::: Material to process :::

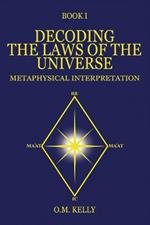 Decoding the Laws of the Universe: Metaphysical Interpretation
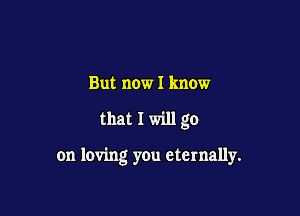 But now I know

that I will go

on loving you eternally.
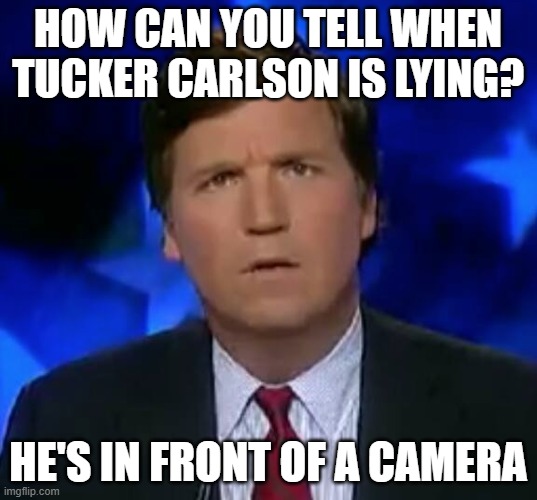 confused Tucker carlson | HOW CAN YOU TELL WHEN TUCKER CARLSON IS LYING? HE'S IN FRONT OF A CAMERA | image tagged in confused tucker carlson | made w/ Imgflip meme maker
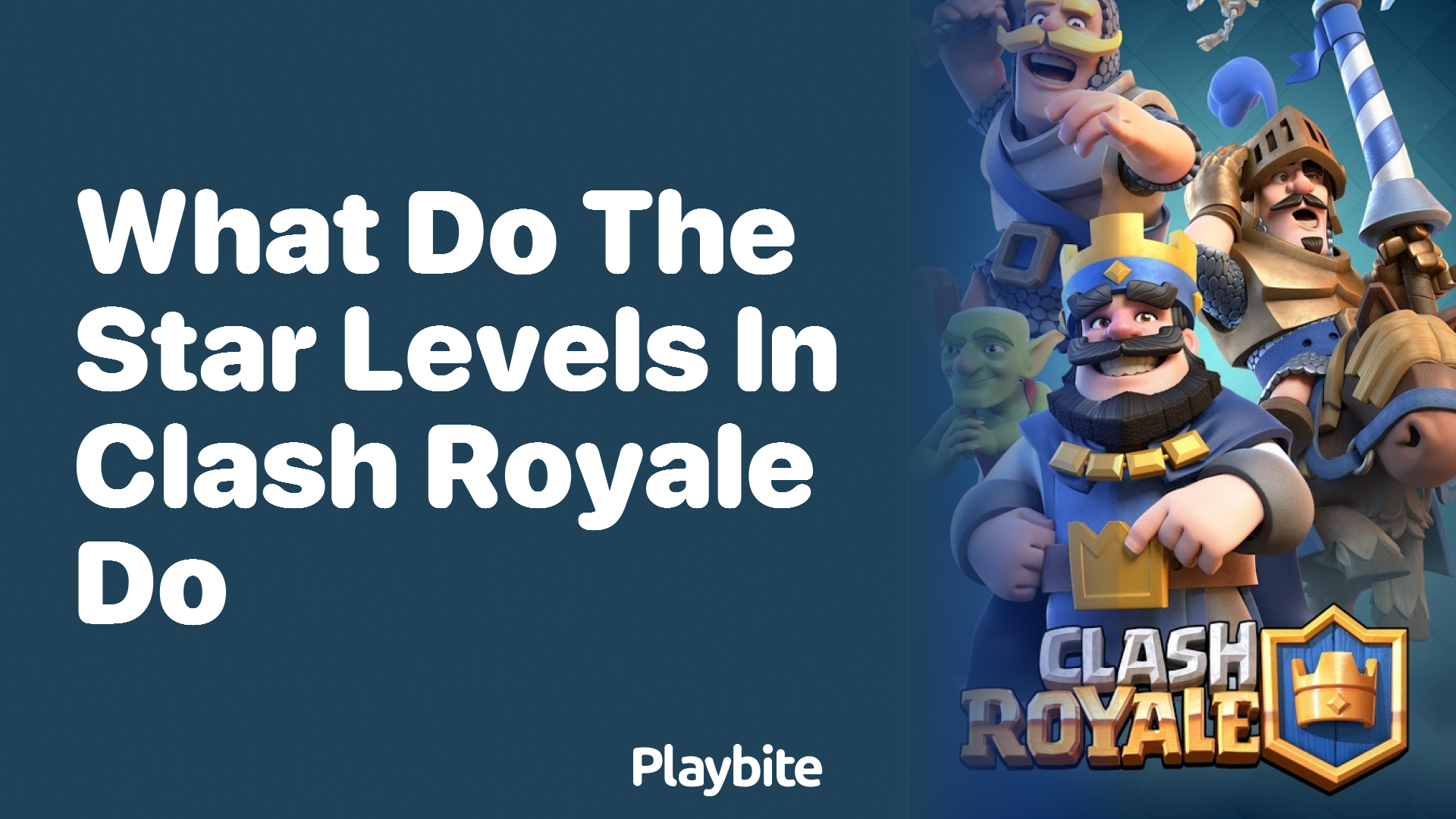 What Do the Star Levels in Clash Royale Do? Unlocking the Mystery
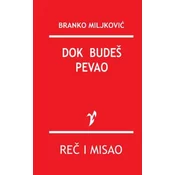 Dok Budes Pevao
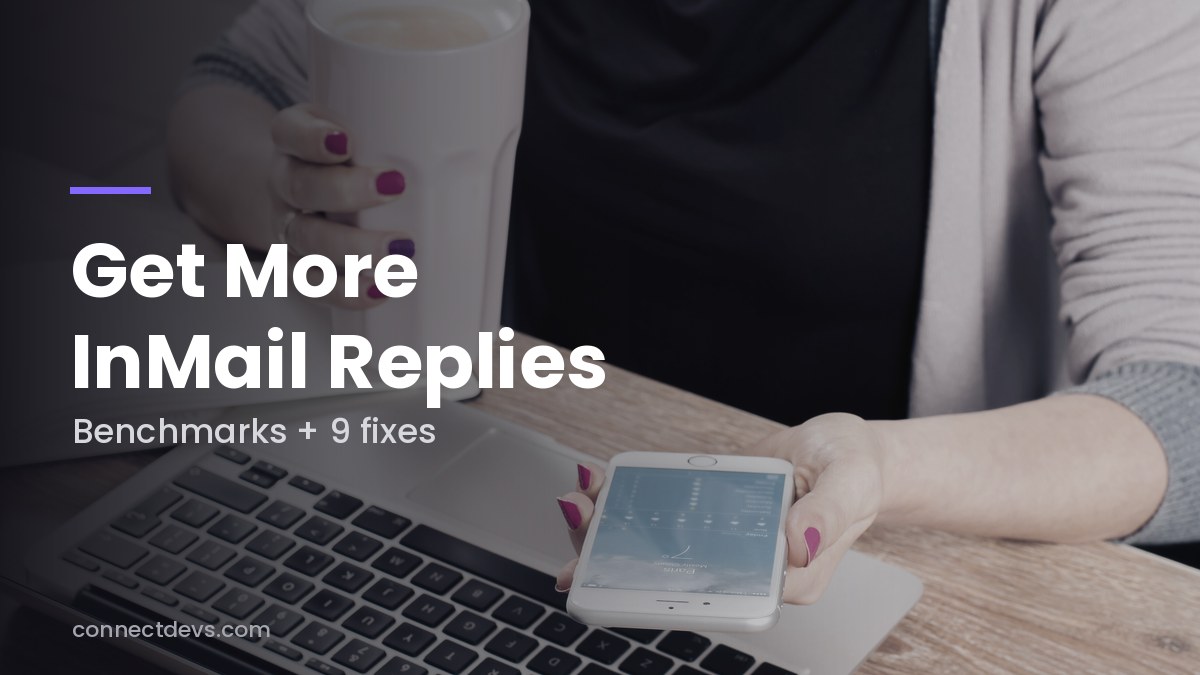 Recruiter InMail Response Rate: Benchmarks and 9 Ways to Raise It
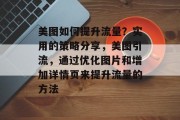 美图如何提升流量?实用的策略分享,美图引流,通过优化图片和增加详情页来提升流量的方法 美图如何提升流量?实用的策略分享,美图引流,通过优化图片和增加详情页来提升流量的方法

:::

## Action item
Leave every picture out and print exactly the lines from the one that contains "Dok Budes Pevao" through the last line of the material above.

## Response below
 Dok Budes Pevao
 Recruiter InMail Response Rate: Benchmarks and 9 Ways to Raise It
 美图如何提升流量?实用的策略分享,美图引流,通过优化图片和增加详情页来提升流量的方法 美图如何提升流量?实用的策略分享,美图引流,通过优化图片和增加详情页来提升流量的方法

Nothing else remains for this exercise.